Theodicy and the cross

Ted Davis (TDavis@mcis.messiah.edu)
Thu, 23 Oct 1997 08:45:57 -0400

The discussion of theodicy, the cross, and the attributes of God interests
me very much. As usual, I am impressed with George Murphy's insights and
want to add to them -- not my usual "stuffy" historical/philosophical
comments, but a personal one.

When I arrived at Messiah 13 years ago, I did not really know what an
Anabaptist was, except in an historical sense (I had studied the Reformation
in graduate school and was aware of the "radical Reformation", but not
really in a personal way). Since coming here -- we're an evangelical
college with strong Anabaptist connections -- I have learned much about the
theology of suffering and the cross, much that I never learned from my
Calvinist background. (Please note my choice of verb: "learned," which is
not the same as "heard of" or "encountered.") With their belief that the NT
takes priority over the OT and the gospels take priority over the rest of
the NT, Anabaptists focus more than other Christians on the life and work of
Christ as divine revelation. Hence, theodicy for them starts there and
moves elsewhere only as a supplementary move. I think this is correct.

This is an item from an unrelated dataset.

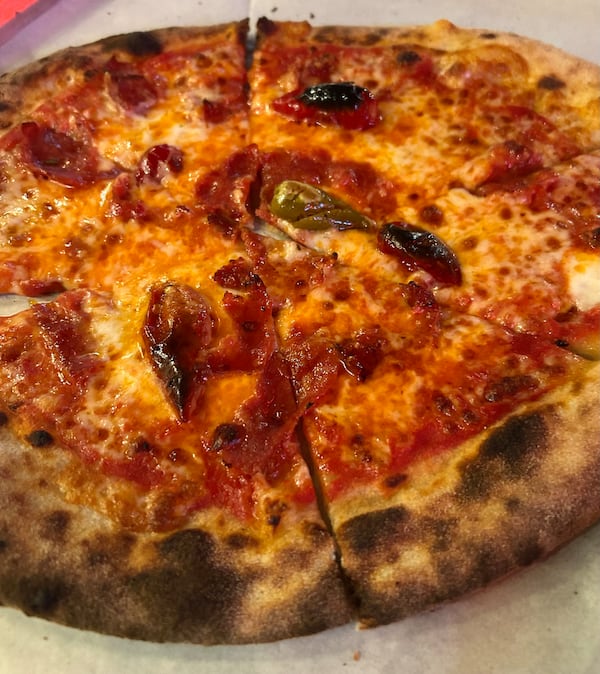 The Calabrian pizza is topped with spicy calabrese salami, Calabrian peppers and hot chili oil. It packs some heat. (Olivia Wakim/AJC)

What are we to learn from the cross, relative to theodicy? I'll quote (from
memory, so it might be not quite exact) the flyleaf quotation from CS Lewis,
The Problem of Pain, where he quotes George Macdonald: "The son of God
suffered unto death, not that men might not suffer, but that their
sufferings might be like his." So, whatever view we might hold of the fall
and its historicity, or of infra/supralapsarianism, the cross appears (to
me) to be telling us that suffering is part and parcel of God's
self-revelation. We should be surprised not that we suffer, but that we
don't.

Now I'll "go ballistic" and propose another theological point for
consideration. I have become convinced in the past few years that the cross
has many correct interpretations that are true as something like
"complementary descriptions" of one reality. One of these is the
substitutionary atonement theory, developed by Anselm and others in the
middle ages. Another is the "God loves you and died for you" popular
version of this. Another, I am convinced, is the view that the cross
represents a divine "peace offering" to a suffering world: God is telling us
that God knows all about suffering, not "intellectually" (if that is a
proper term to apply to God) only, but more substantially, existentially.
God suffered. God died. God knows. If I might be forgiven for the
suggestion, we might even view this as a form of divine apology for not
making heaven now: which I believe to have been within God's ability, though
apparently not in God's plans for the moment.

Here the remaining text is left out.